» TASK DIRECTIONS:
Make an exact copy of the data below, leaving out every picture.

Stored items:
>>

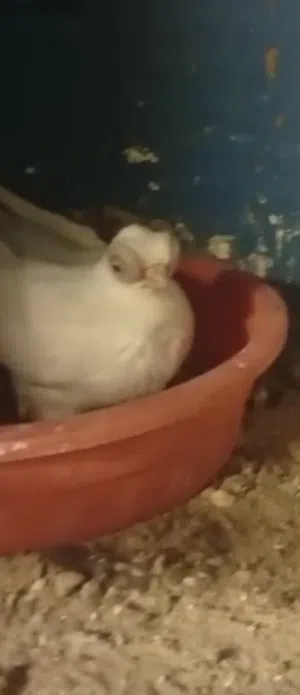 زوجين جعافر بيض مع الانتاج
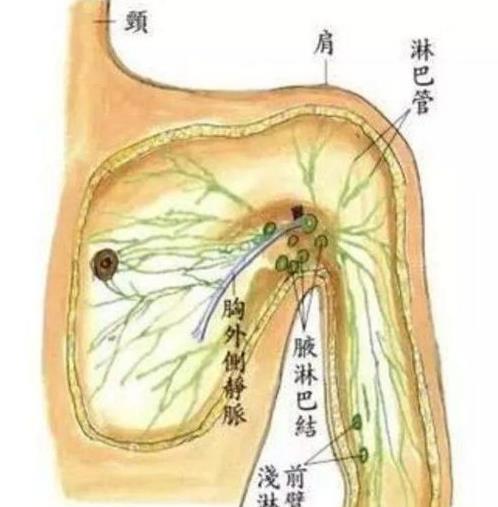 你的颜值,淋巴决定 学会3妙招,彻底打通经络,百病尽消 毒素 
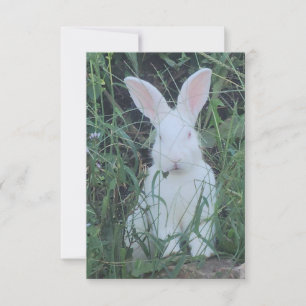 Lycklig Bunny Tack Kort
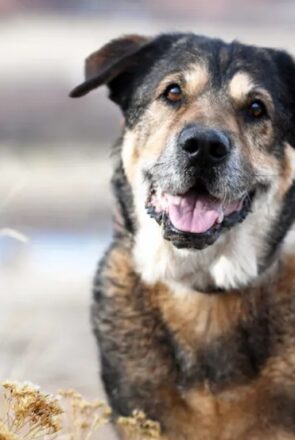 Bubbles & Dad - Colorado Pet Photography session - Pretty Fluffy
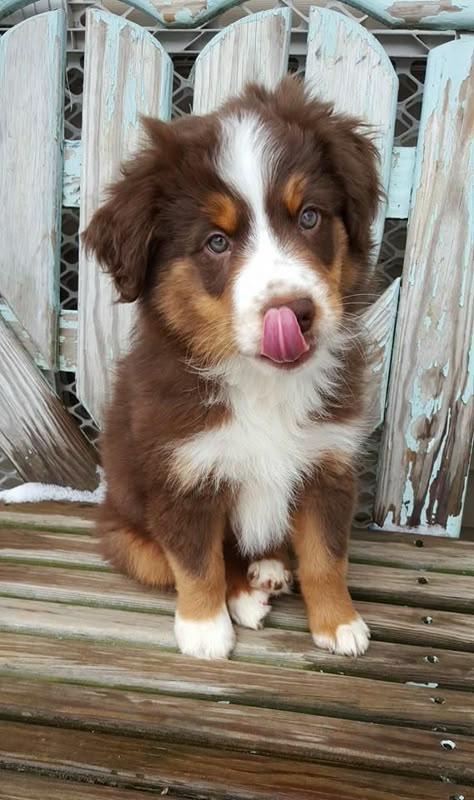 Cute Puppy Wallpaper, Aussie Puppies, Super Cute Puppies, Cute Doggies, Cute Animals Puppies, Cute Dog Pictures, Really Cute Dogs, Baby Animals Pictures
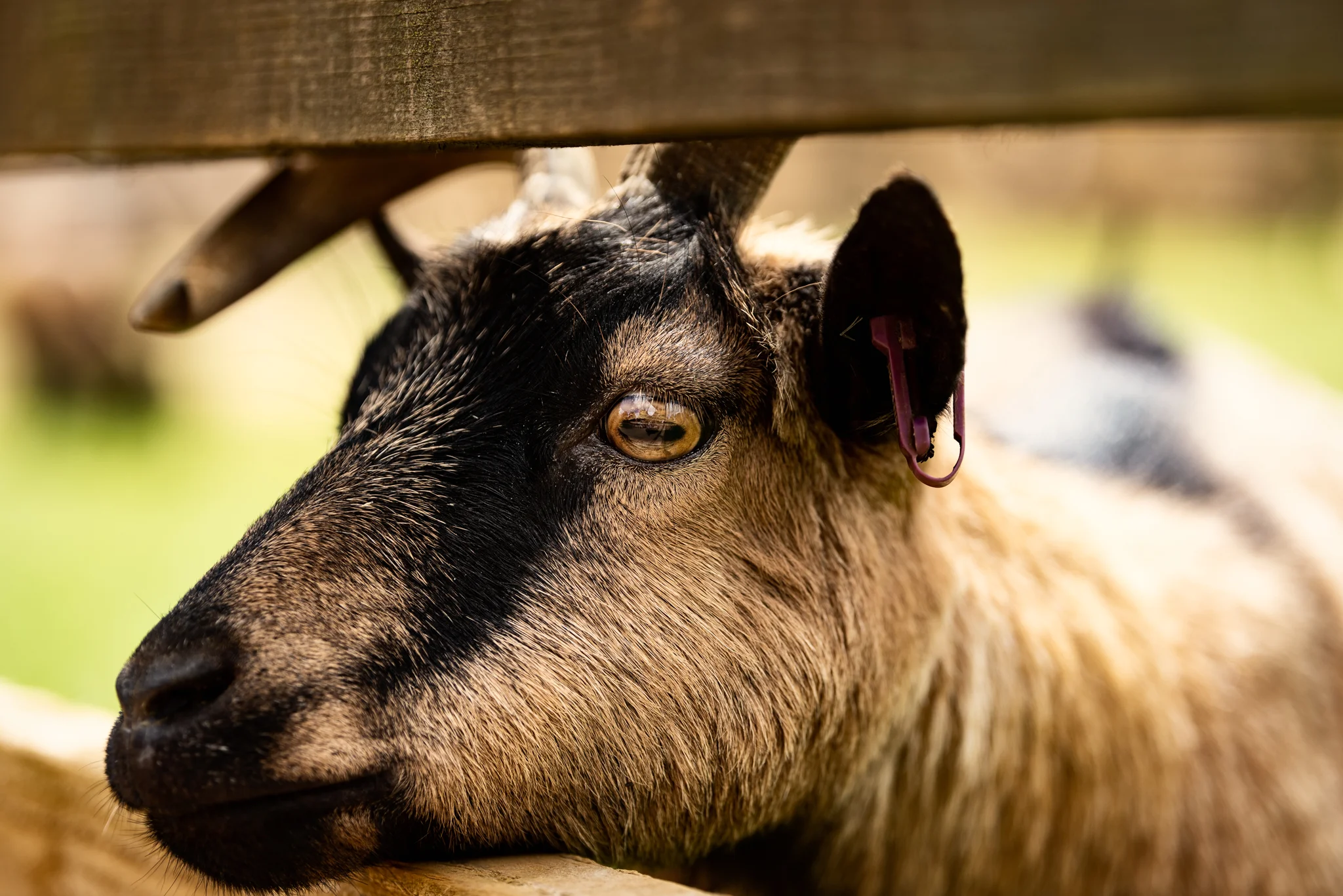 Cotswold Wildlife Park-11.jpg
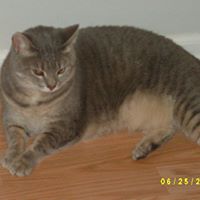 Mary Marrs Photo 7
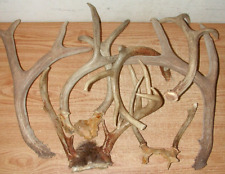 Lot single deer for sale  Keokuk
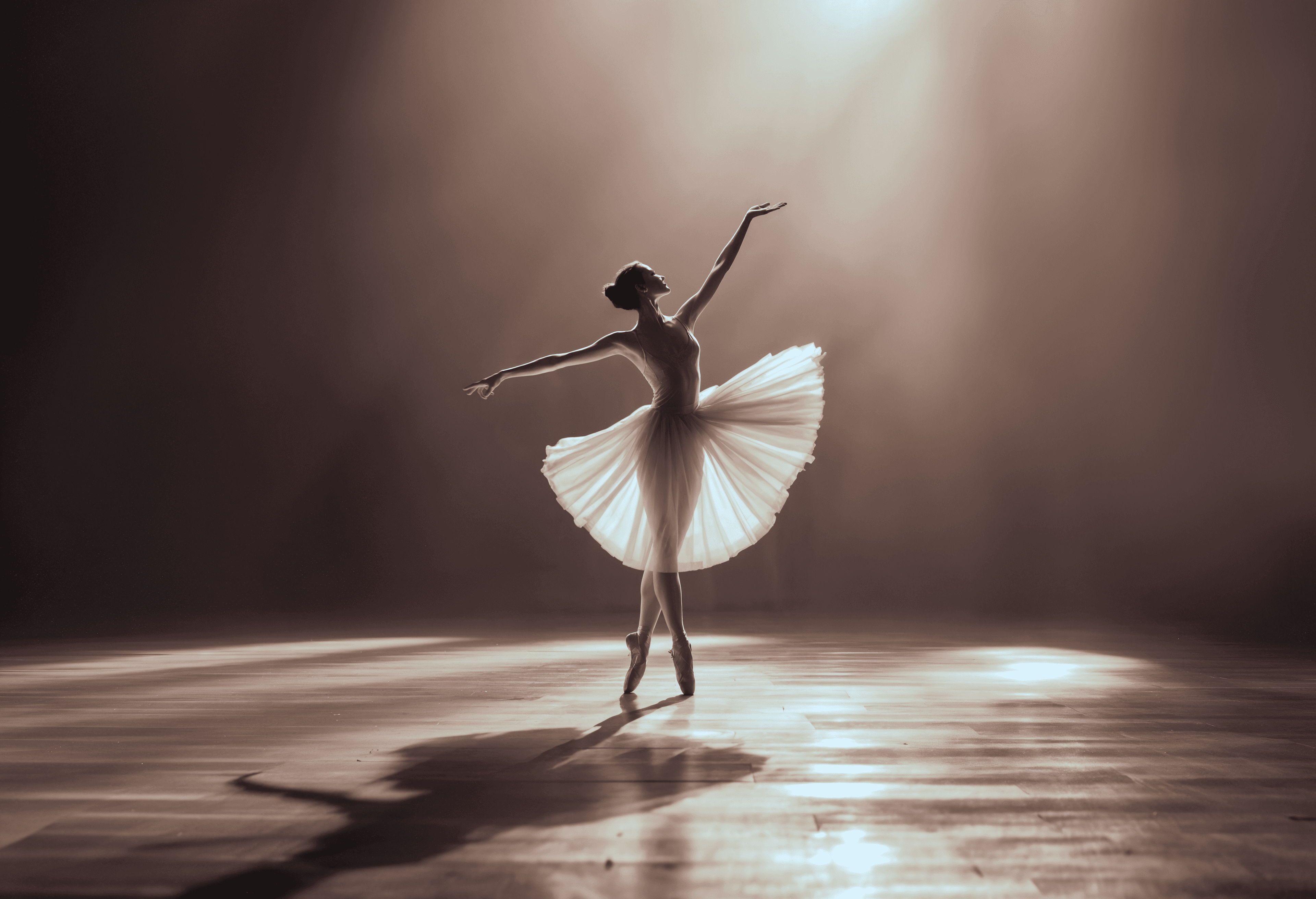 Professional Ballet
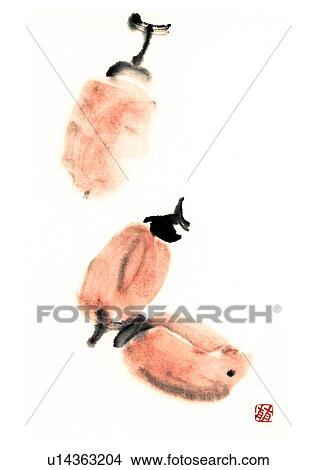 Three dried persimmons, ink brush painting, white background, cut out, copy space View Large Illustration Stock Illustration - Three dried persimmons, ink brush painting, white background, cut out, copy space. Fotosearch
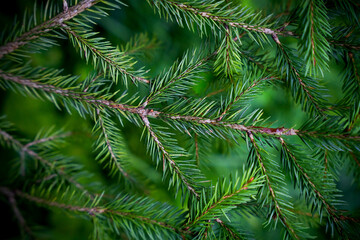 Winter background with green spruce branches. Close-up. Selective focus.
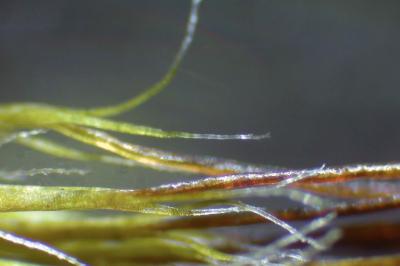 <i>Campylopus introflexus</i>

<<

» WRITTEN REPLY:
 زوجين جعافر بيض مع الانتاج
 你的颜值,淋巴决定 学会3妙招,彻底打通经络,百病尽消 毒素 
 Lycklig Bunny Tack Kort
 Bubbles & Dad - Colorado Pet Photography session - Pretty Fluffy
 Cute Puppy Wallpaper, Aussie Puppies, Super Cute Puppies, Cute Doggies, Cute Animals Puppies, Cute Dog Pictures, Really Cute Dogs, Baby Animals Pictures
 Cotswold Wildlife Park-11.jpg
 Mary Marrs Photo 7
 Lot single deer for sale  Keokuk
 Professional Ballet
 Three dried persimmons, ink brush painting, white background, cut out, copy space View Large Illustration Stock Illustration - Three dried persimmons, ink brush painting, white background, cut out, copy space. Fotosearch
 Winter background with green spruce branches. Close-up. Selective focus.
 <i>Campylopus introflexus</i>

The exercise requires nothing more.